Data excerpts

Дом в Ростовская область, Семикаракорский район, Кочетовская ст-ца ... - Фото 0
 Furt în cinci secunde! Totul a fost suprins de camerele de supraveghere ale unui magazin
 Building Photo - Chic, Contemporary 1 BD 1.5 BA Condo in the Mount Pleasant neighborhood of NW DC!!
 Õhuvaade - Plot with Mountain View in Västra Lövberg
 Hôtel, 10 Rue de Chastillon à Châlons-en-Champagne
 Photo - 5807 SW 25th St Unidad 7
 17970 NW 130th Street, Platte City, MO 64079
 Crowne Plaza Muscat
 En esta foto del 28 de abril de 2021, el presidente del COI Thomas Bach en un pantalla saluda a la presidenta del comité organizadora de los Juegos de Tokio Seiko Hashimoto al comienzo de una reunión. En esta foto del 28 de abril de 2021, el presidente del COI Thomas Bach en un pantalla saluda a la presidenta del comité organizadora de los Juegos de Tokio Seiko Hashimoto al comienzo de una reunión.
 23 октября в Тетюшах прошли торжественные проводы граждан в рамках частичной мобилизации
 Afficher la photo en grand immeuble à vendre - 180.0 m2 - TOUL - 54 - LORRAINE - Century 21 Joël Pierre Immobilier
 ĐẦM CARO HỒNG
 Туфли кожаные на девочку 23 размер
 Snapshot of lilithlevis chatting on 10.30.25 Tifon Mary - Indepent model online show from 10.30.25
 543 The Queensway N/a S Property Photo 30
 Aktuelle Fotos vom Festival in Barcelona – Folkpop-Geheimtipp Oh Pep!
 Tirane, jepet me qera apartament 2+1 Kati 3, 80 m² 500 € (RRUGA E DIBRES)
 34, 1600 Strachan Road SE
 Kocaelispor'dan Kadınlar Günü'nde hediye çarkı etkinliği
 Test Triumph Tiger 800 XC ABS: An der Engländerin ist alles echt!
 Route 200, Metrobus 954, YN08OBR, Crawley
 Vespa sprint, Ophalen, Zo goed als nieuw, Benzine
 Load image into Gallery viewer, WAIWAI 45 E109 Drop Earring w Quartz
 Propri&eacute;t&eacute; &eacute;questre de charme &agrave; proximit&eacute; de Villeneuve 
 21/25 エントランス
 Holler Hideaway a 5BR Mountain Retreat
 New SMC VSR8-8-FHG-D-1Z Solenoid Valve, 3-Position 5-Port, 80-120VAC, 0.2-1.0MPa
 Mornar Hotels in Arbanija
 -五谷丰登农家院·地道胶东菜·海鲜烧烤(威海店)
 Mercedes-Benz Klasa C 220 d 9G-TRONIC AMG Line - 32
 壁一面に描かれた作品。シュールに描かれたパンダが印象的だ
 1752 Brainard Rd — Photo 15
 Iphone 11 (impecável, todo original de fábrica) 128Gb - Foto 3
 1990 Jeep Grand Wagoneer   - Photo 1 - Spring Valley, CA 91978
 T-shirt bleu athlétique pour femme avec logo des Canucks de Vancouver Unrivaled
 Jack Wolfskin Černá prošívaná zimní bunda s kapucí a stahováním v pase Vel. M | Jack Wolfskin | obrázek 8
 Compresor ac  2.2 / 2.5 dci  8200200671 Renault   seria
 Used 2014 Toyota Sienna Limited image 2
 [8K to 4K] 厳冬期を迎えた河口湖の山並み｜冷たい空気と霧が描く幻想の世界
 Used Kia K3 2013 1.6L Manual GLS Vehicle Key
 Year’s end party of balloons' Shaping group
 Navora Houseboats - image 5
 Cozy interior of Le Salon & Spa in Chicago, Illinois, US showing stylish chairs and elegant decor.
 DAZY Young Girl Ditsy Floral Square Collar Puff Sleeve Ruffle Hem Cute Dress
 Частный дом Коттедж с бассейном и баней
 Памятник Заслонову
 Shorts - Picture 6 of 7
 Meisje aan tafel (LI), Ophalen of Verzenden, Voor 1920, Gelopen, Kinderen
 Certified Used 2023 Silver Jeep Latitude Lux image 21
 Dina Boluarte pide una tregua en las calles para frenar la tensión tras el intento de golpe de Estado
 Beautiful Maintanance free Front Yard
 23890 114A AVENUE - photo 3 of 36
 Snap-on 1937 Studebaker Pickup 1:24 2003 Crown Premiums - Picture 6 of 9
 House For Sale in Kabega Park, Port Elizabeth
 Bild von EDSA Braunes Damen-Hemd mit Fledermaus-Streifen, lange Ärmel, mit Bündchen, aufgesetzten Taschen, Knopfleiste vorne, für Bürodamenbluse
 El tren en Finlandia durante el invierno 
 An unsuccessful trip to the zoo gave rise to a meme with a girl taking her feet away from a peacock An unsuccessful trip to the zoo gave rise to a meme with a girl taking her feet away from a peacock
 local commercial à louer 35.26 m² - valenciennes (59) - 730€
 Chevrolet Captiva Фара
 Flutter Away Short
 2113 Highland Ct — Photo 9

> What is being asked
Lines holding the word "image" in the entries above are the ones to pull out. Copy them all.

> Reply
 Load image into Gallery viewer, WAIWAI 45 E109 Drop Earring w Quartz
 Used 2014 Toyota Sienna Limited image 2
 Navora Houseboats - image 5
 Certified Used 2023 Silver Jeep Latitude Lux image 21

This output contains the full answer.